Seagate, a competitor to Western Digital, delivered fantastic revenue growth over the quarter, reflecting strong leverage from AI-driven data centre demand. Management cited capacity being “largely spoken for” through to mid-2026, signalling tight supply and pricing power.
Pharmaceutical AbbVie delivered another strong quarter, extending its remarkable recovery post-Humira patent expiry. Q2 results exceeded expectations with $15.4bn in revenue driven by exceptional growth from arthritis drugs Skyrizi and Rinvoq which are now set to exceed $25bn in combined 2025 sales.

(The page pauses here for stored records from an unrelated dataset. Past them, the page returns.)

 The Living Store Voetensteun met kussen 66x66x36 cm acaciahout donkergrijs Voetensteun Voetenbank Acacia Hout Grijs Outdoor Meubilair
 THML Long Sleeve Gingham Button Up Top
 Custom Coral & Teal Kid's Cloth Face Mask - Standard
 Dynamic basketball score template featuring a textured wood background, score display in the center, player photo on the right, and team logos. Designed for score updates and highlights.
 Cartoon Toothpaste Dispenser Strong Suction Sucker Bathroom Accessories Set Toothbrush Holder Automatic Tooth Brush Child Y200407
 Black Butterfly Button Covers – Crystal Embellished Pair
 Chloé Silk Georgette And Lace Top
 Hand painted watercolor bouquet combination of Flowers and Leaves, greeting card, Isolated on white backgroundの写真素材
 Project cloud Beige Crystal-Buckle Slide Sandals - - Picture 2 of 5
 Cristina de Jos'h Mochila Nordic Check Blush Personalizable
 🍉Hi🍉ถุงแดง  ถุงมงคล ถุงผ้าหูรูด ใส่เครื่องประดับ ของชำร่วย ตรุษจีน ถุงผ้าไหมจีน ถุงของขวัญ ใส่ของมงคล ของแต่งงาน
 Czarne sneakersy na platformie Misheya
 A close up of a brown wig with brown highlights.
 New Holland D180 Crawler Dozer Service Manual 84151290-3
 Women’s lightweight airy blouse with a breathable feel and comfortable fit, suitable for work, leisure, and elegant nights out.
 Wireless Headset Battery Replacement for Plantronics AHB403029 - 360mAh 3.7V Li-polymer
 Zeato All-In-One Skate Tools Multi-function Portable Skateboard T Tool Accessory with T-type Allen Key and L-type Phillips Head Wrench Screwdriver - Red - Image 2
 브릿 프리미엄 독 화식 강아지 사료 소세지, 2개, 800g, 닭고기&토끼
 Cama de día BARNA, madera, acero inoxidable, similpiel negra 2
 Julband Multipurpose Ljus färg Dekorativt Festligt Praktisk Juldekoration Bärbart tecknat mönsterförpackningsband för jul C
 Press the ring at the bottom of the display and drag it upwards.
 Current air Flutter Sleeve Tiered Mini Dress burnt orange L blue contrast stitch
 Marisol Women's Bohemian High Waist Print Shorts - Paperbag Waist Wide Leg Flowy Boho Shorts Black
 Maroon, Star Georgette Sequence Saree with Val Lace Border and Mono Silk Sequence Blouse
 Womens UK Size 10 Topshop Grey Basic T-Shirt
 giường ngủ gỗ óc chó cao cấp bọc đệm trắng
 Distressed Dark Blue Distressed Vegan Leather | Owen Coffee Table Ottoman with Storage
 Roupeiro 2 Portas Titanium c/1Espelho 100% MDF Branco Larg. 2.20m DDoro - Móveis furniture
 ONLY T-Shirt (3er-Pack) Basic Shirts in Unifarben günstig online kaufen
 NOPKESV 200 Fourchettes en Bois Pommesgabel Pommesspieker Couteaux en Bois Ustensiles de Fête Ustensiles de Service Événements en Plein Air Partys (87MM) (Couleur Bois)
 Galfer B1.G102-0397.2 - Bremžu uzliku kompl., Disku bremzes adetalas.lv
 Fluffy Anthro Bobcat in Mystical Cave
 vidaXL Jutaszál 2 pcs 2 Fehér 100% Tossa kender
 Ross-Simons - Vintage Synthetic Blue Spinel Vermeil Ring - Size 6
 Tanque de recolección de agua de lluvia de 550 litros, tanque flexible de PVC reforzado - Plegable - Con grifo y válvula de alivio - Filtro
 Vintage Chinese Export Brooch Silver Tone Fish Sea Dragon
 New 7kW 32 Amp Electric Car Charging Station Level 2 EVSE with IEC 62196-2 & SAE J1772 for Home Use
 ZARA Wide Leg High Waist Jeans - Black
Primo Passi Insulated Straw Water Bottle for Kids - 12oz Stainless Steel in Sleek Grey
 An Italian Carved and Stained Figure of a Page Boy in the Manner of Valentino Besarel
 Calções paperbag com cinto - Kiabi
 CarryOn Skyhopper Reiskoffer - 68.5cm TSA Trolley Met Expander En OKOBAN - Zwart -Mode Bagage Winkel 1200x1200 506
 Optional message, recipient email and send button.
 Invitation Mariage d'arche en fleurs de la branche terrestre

We took profits in a range of names relating to AI, including Nvidia. We redeployed capital into higher-quality names such as home care provider Cardinal Health and bank JP Morgan Chase.
Sector-wise we are most overweight capital goods, semiconductors and financial services, with underweights in tech hardware (mainly Apple) and software, which we see as structurally challenged in the world of AI.
As we enter the last quarter, there are tailwinds to US equities that lead us to be constructive on the outlook. The consumer remains healthy, Donald Trump’s One Big Beautiful Bill Act should begin to have an impact and a more supportive monetary environment should help sectors that have struggled under higher rates (such as mid and small caps). There is also continued momentum in spending around AI with very little sign of let-up. We remain vigilant against overexuberance in the market and are moving capital towards those areas where we see the most attractive risk/reward trade-off. This discipline should stand us in good stead as we close out the year.
Benchmark: S&P 500 NTR (Standard); the benchmark is a point of reference against which the performance of the fund may be measured. Management of the fund is not restricted by this benchmark. The deviation from the benchmark may be significant and the portfolio of the fund may at times bear little or no resemblance to its benchmark.